[Records for the exercise — start]
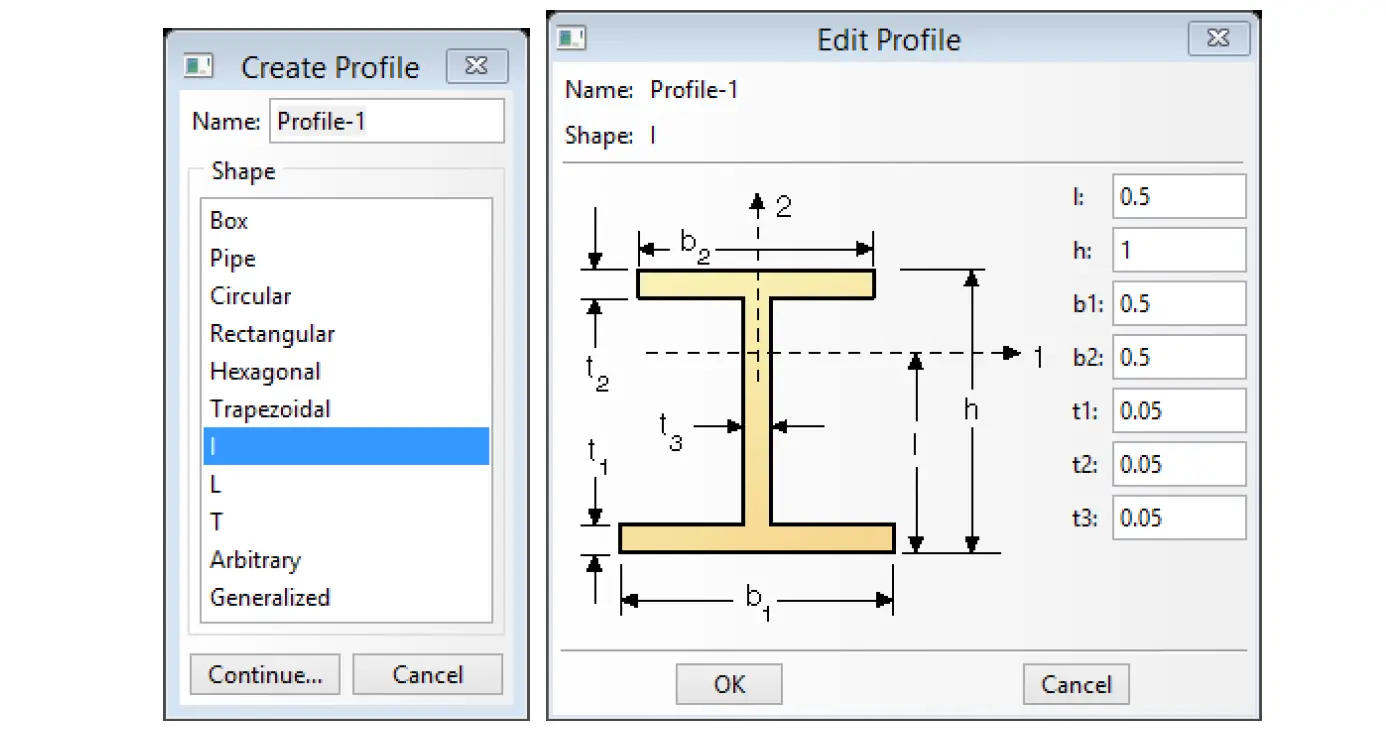 I-shaped beam cross section used in the Abaqus modal analysis of a flexible beam supported by distributed springs.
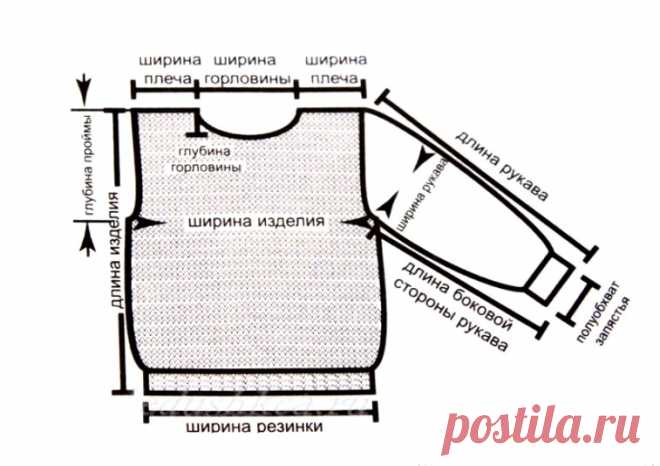 Как рассчитать количество петель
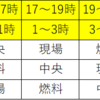 発電所運転員の一日～現職編～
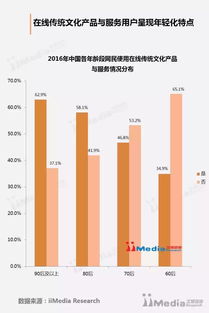 2016中國互聯網與傳統文化融合發展專題報告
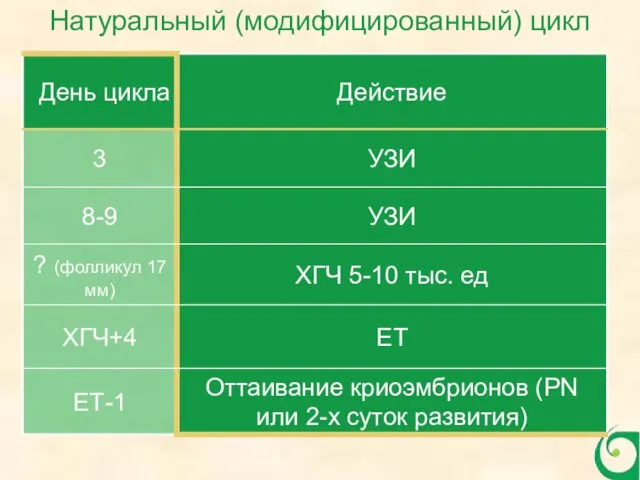 Натуральный (модифицированный) цикл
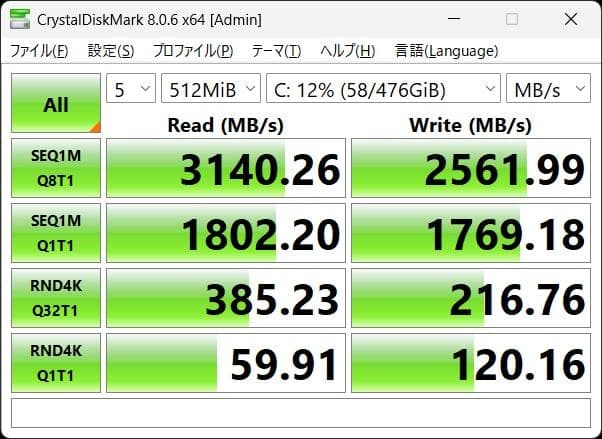 Windowsノート本体 dynabook G83/FS i5-10210U 16GB 512GB 65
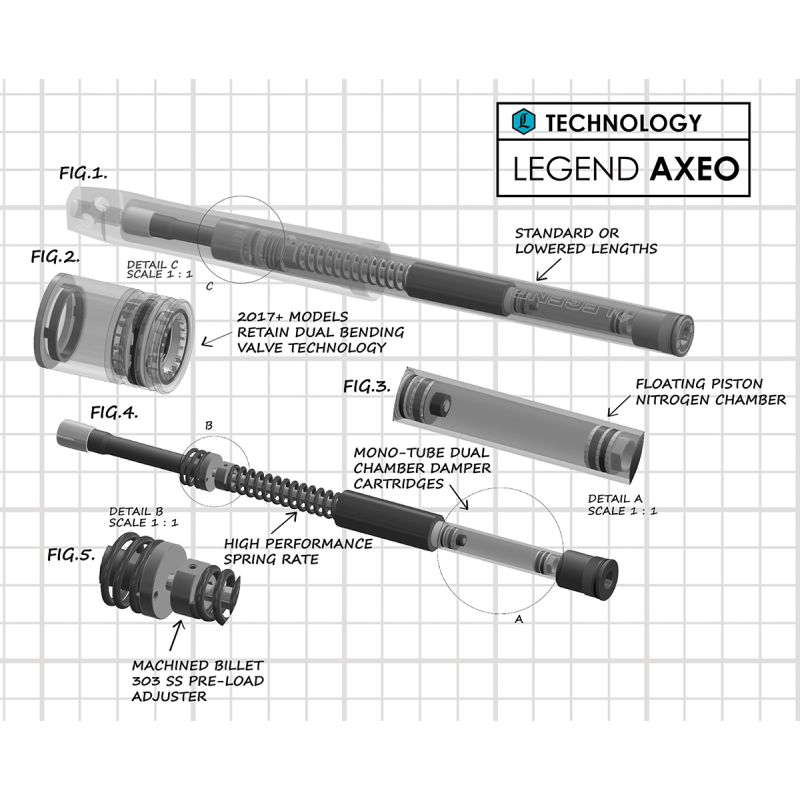 LEGENDS 17-19 FLHT FORK SPRING/CART 21" F/KO 0414-0544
[Records for the exercise — finish]
▶ _Task brief_
Every line above must be printed again exactly, pictures excluded.

▶ _Exercise output_
 I-shaped beam cross section used in the Abaqus modal analysis of a flexible beam supported by distributed springs.
 Как рассчитать количество петель
 発電所運転員の一日～現職編～
 2016中國互聯網與傳統文化融合發展專題報告
 Натуральный (модифицированный) цикл
 Windowsノート本体 dynabook G83/FS i5-10210U 16GB 512GB 65
 LEGENDS 17-19 FLHT FORK SPRING/CART 21" F/KO 0414-0544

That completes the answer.